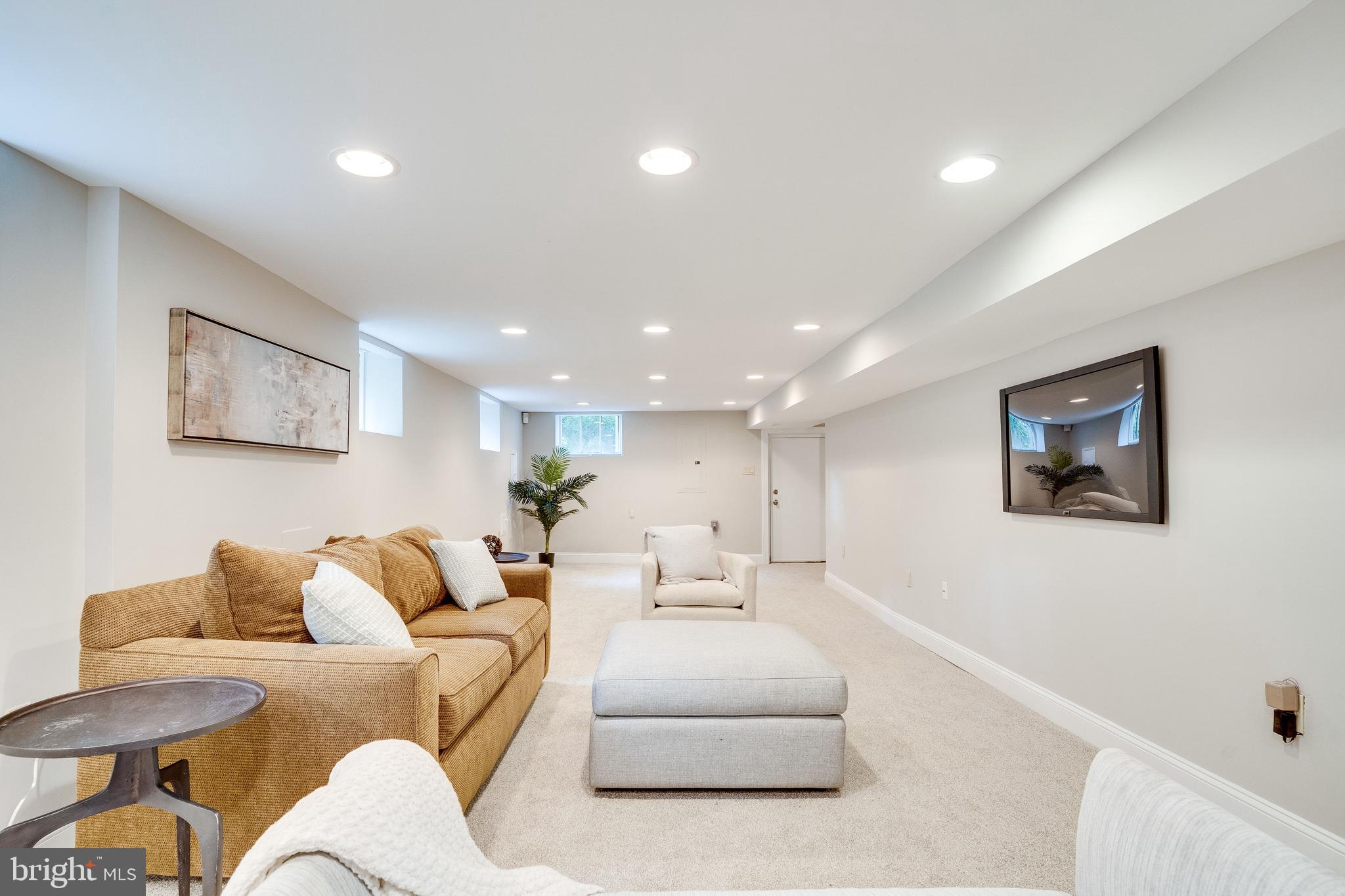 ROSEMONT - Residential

--

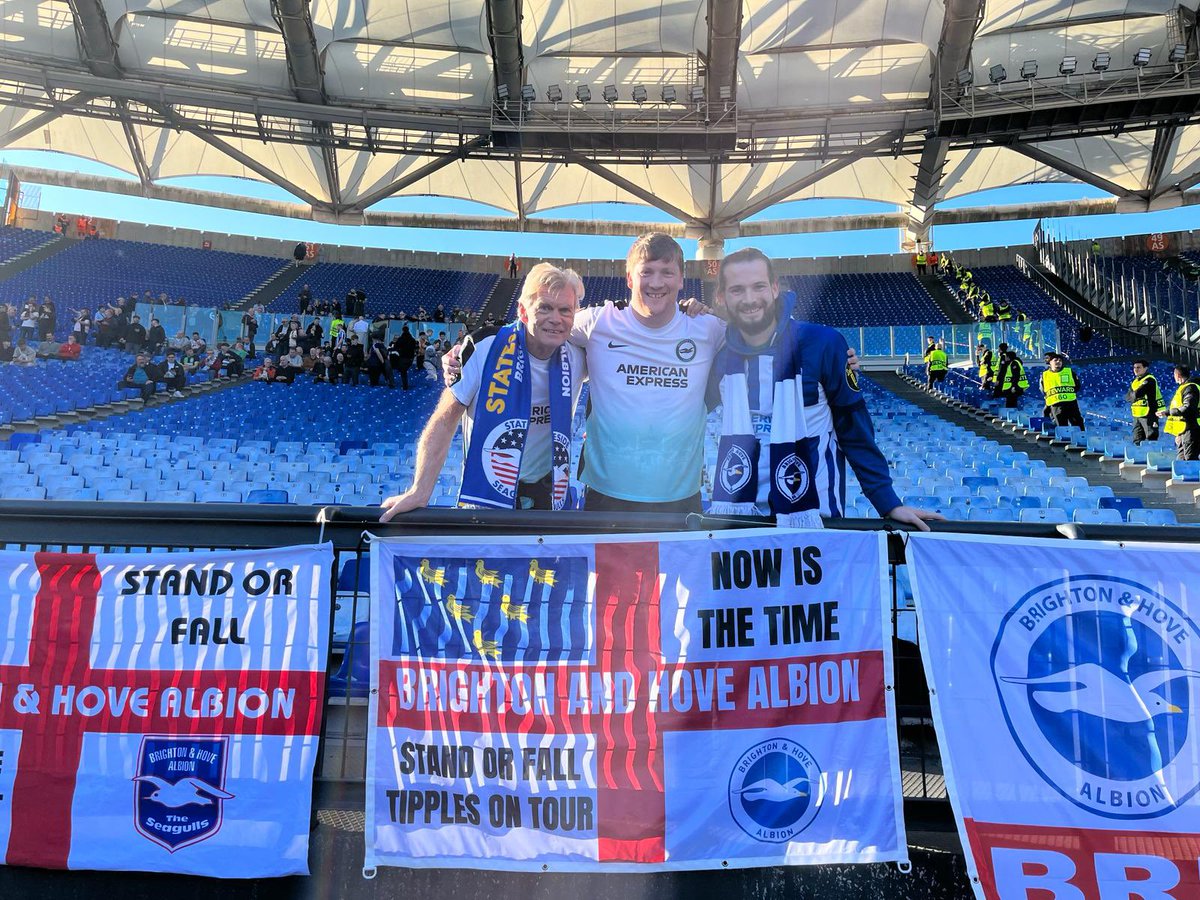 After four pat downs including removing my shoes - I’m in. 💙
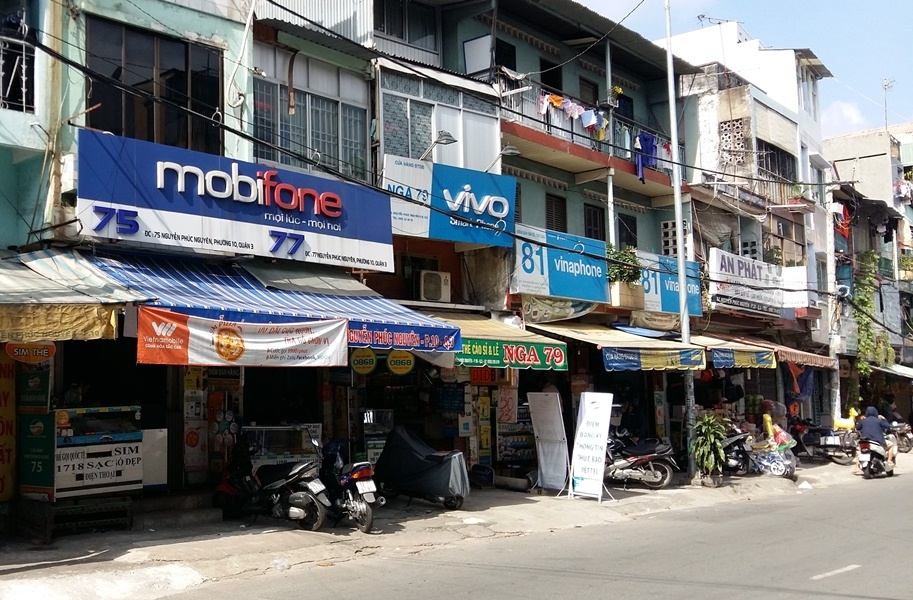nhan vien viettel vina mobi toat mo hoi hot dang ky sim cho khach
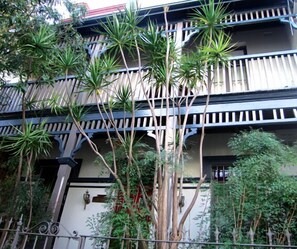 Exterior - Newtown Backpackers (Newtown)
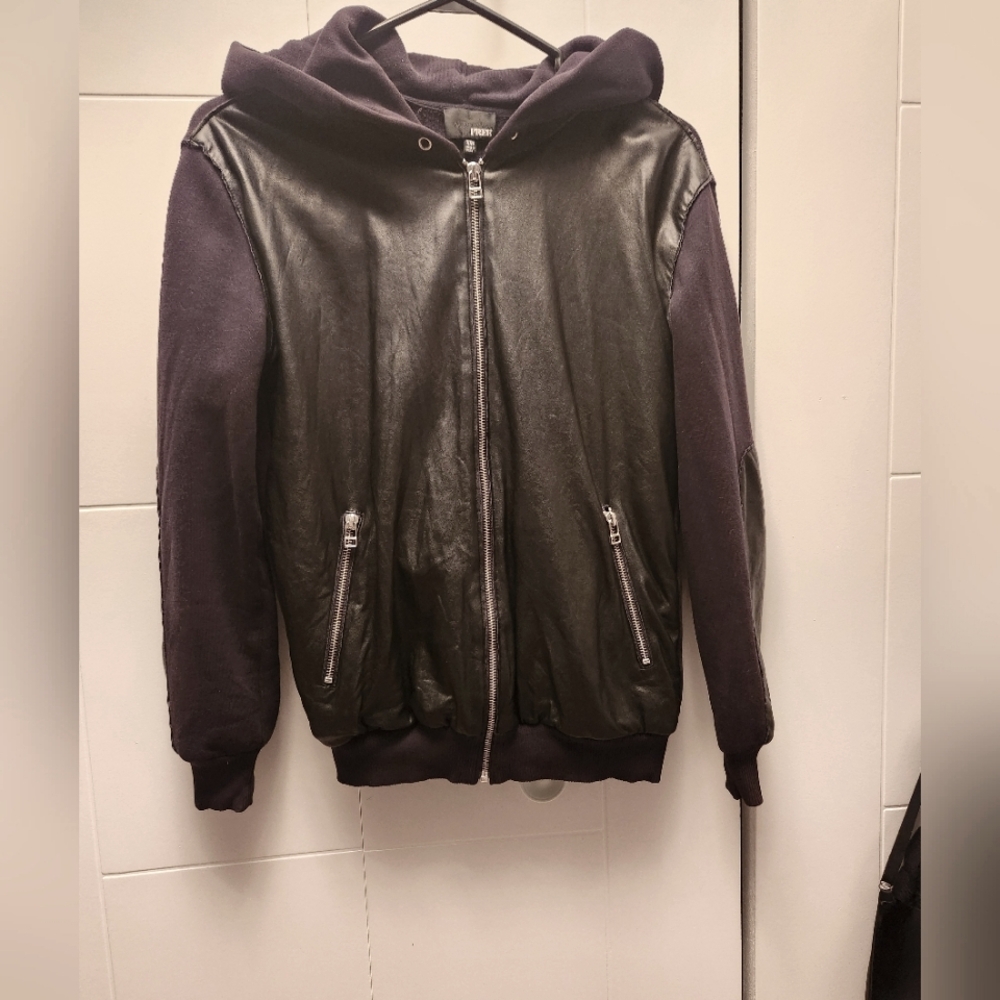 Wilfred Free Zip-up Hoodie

What the task requires
Please output the lines above beginning at the line with "After four pat" and ending after the line with "Wilfred Free Zip-up Hoodie", precisely as written and with no pictures.

Exercise result
 After four pat downs including removing my shoes - I’m in. 💙
nhan vien viettel vina mobi toat mo hoi hot dang ky sim cho khach
 Exterior - Newtown Backpackers (Newtown)
 Wilfred Free Zip-up Hoodie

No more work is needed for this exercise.